» Exercise prompt:
The whole listing needs retyping exactly; keep the pictures out of it.

» Material provided:
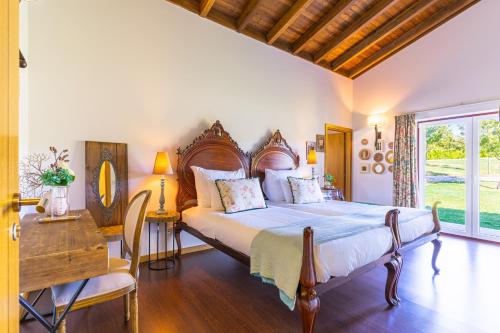 a bedroom with a large bed and a table and a desk at Moinho da Lapa in Lapa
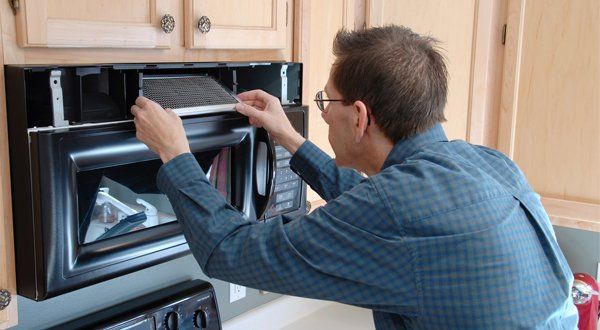 Handyman Repairing The Fan Over a Microwave — Voorhees, NJ — Appliance Werks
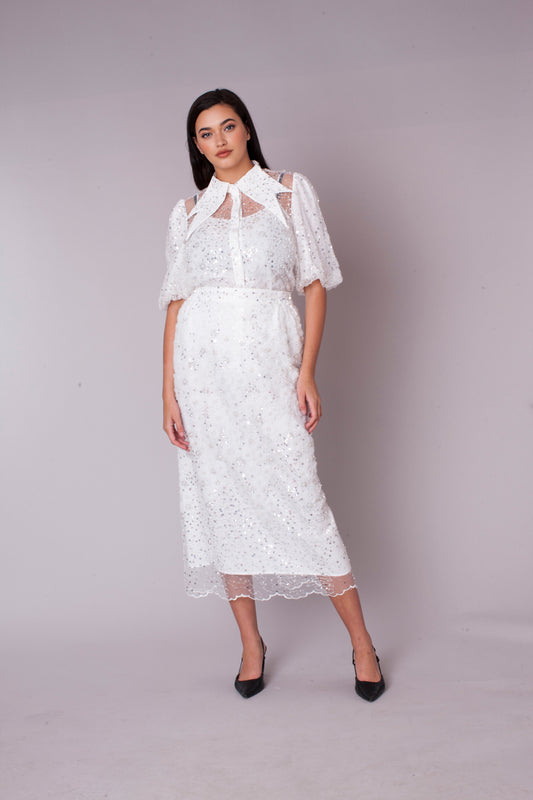 White embroidered sequin organza skirt set with floral detailing, model standing front view, For Her NYC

» Output of the exercise:
 a bedroom with a large bed and a table and a desk at Moinho da Lapa in Lapa
 Handyman Repairing The Fan Over a Microwave — Voorhees, NJ — Appliance Werks
 White embroidered sequin organza skirt set with floral detailing, model standing front view, For Her NYC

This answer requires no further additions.